Electron spins, which form the elementary magnetic building blocks of matter, are partially aligned parallel to each other in ferromagnetic solids and are not completely randomly distributed, even in a demagnetised state (i.e. when the material is not magnetic).
In ferromagnetic materials, there are always areas of a few tenths of a millimetre in size in which the electron spins are aligned parallel to each other. These areas are called Weiss domains (after the physicist Pierre-Ernest Weiss). An external magnetic field will cause many small domains to merge into larger domains, and the magnetisation of the solid object becomes measurable on the outside. Parallel aligned electron spins are responsible for the measurable macroscopic magnetic field.

The spins are usually not aligned in parallel as a whole, but only arranged parallel to one another within groups. And, in most cases, the alignment of the spins between the different groups is not parallel. The area in a ferromagnet in which the spins are aligned in parallel is called a Weiss domain.
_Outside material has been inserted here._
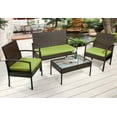 thumbnail image 1 of Merax 4-Piece Outdoor Rattan Furniture Set Patio Wicker Cushioned Set Garden Sofa Set(Green Cushion), 1 of 5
The domains are separated from each other by so-called Bloch walls.

Making Weiss domains visible

The phenomenon of Weiss domains can be demonstrated with a macroscopic model. For that, a set of compass needles is mounted on a board so they can freely rotate and is then observed. If the compass needles are positioned close enough together to cause the magnetic fields of neighbouring needles to influence each other, a state is achieved in which the compass needles are aligned in parallel in certain areas. The field of one compass needle aligns the other compass needles.
However, it is extremely rare that all compass needles actually align in parallel. There is usually an area boundary beyond which a differently oriented group can be found, as shown in the following illustration.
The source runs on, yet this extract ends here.